Das Hauptproblem bei vielen Diätprogrammen ist, dass sie sich ausschliesslich auf die Beschränkung der Kalorienzufuhr konzentrieren. Es werden fleissig Kalorien gezählt, je weniger man zu sich nimmt, umso besser ist es und umso schneller purzeln die Pfunde.
Wirklich?
Hand aufs Herz: Wir haben alle schon einmal eine Diät ausprobiert. Und... hat es etwas gebracht? Nein. Natürlich nicht. Diäten scheinen bei allen anderen zu funktionieren, nur bei einem selbst nicht.
Das stimmt nicht!
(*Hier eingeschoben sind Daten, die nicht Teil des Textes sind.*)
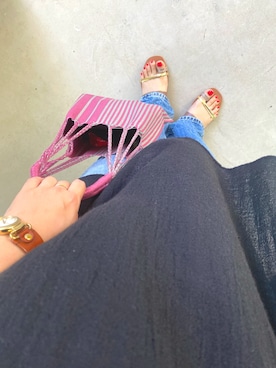 「Marc by Marc Jacobs（マークバイマークジェイコブス）のアイテム（アナログ腕時計）」を使った、まいさん（レディース・158cm）の夏コーディネート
Diäten funktionieren NIE! Bei niemandem! Jedenfalls nicht langfristig.
Der Grund liegt in unserem Stoffwechsel.
Während wir heutzutage in den Industrienationen dank modernen Konservierungsmethoden und Transportmitteln kaum mehr Hunger leiden müssen, da Nahrungsmittel das ganze Jahr über in Hülle und Fülle vorhanden sind, war das bei unseren Vorfahren noch anders. Sie hatten nur reichlich zu essen, wenn beispielsweise die Jagd erfolgreich war.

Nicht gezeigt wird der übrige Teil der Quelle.